Moving Object Segmentation is a challenging task for jittery/wobbly videos. For jittery videos, the non-smooth camera motion makes discrimination between foreground objects and background layers hard to solve. While most recent works for moving video object segmentation fail in this scenario, our method generates an accurate segmentation of a single moving object. The proposed method performs a sparse segmentation, where frame-wise labels are assigned only to trajectory coordinates, followed by the pixel-wise labeling of frames. The sparse segmentation involving stabilization and clustering of trajectories in a 3-stage iterative process. At the 1st stage, the trajectories are clustered using pairwise Procrustes distance as a cue for creating an affinity matrix.
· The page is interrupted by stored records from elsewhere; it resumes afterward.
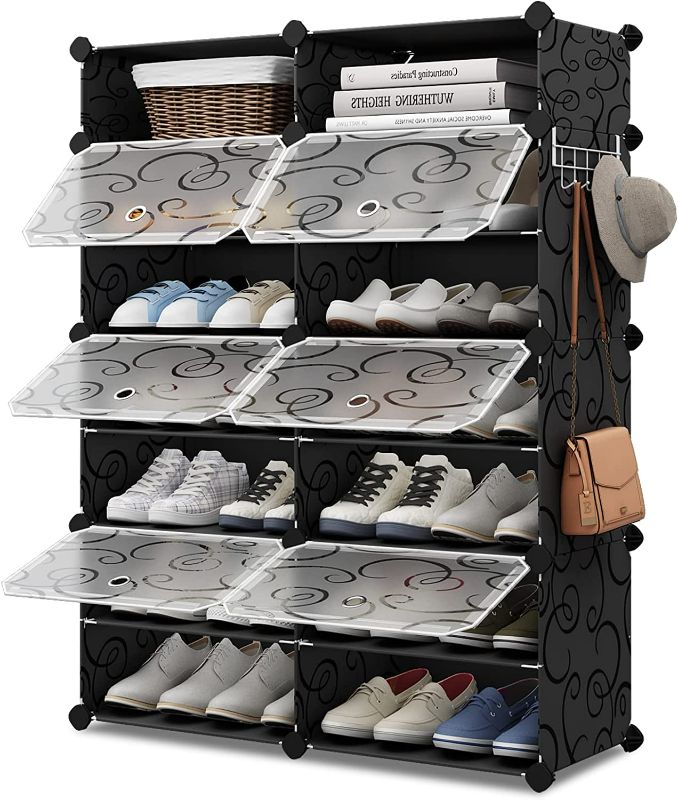 Photo 1 of Tiered Storage Plastic Cabinet with Open Storage Shelves for Closet Hallway Bedroom Entryway Black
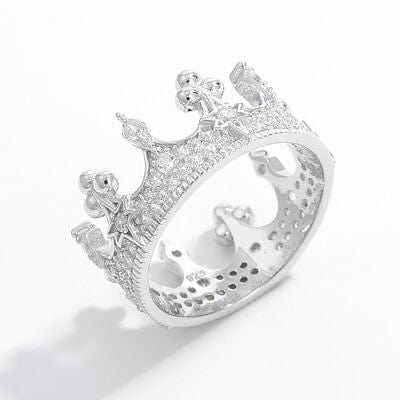 Crown Shape Zircon 925 Sterling Silver Ring - A stunning piece of jewelry crafted in 925 sterling silver, featuring a regal crown-shaped design adorned with sparkling zircon stones. Elevate your style with this elegant and timeless silver ring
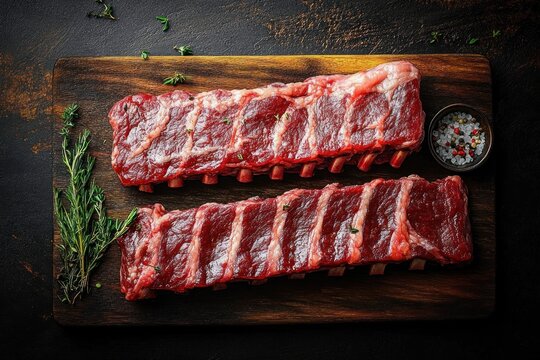 Two raw beef rib racks on a wooden cutting board with herb sprigs and coarse salt, rustic appetizing raw meat preparation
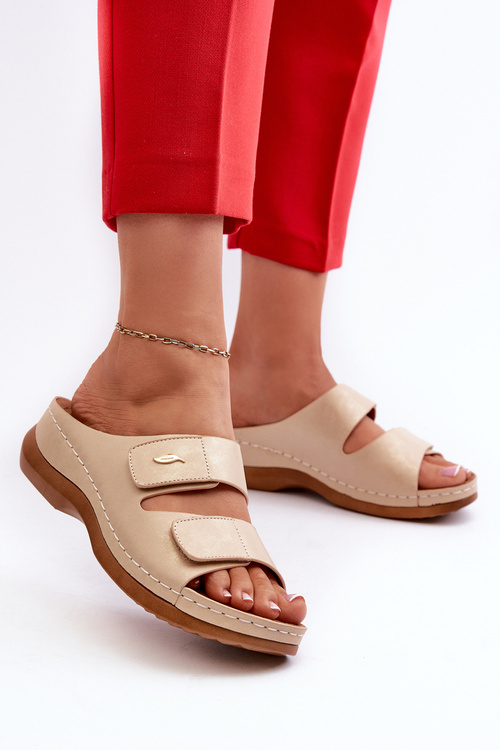 Світлі жіночі сабо зі штучної шкіри бежеві Frellia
The 2nd stage performs a block-wise Procrustes analysis of the trajectories and estimates Frechet means (in Kendall's shape space) of the clusters. The Frechet means represent the average trajectories of the motion clusters. An optimization function has been formulated to stabilize the Frechet means, yielding stabilized trajectories at the 3rd stage. The accuracy of the motion clusters are iteratively refined, producing distinct groups of stabilized trajectories. Next, the labels obtained from the sparse segmentation are propagated for pixel-wise labeling of the frames, using a GraphCut based energy formulation. Use of Procrustes analysis and energy minimization in Kendall's shape space for moving object segmentation in jittery videos, is the novelty of this work. Second contribution comes from experiments performed on a dataset formed of 20 real-world natural jittery videos, with manually annotated ground truth. Experiments are done with controlled levels of artificial jitter on videos of SegTrack2 dataset. Qualitative and quantitative results indicate the superiority of the proposed method.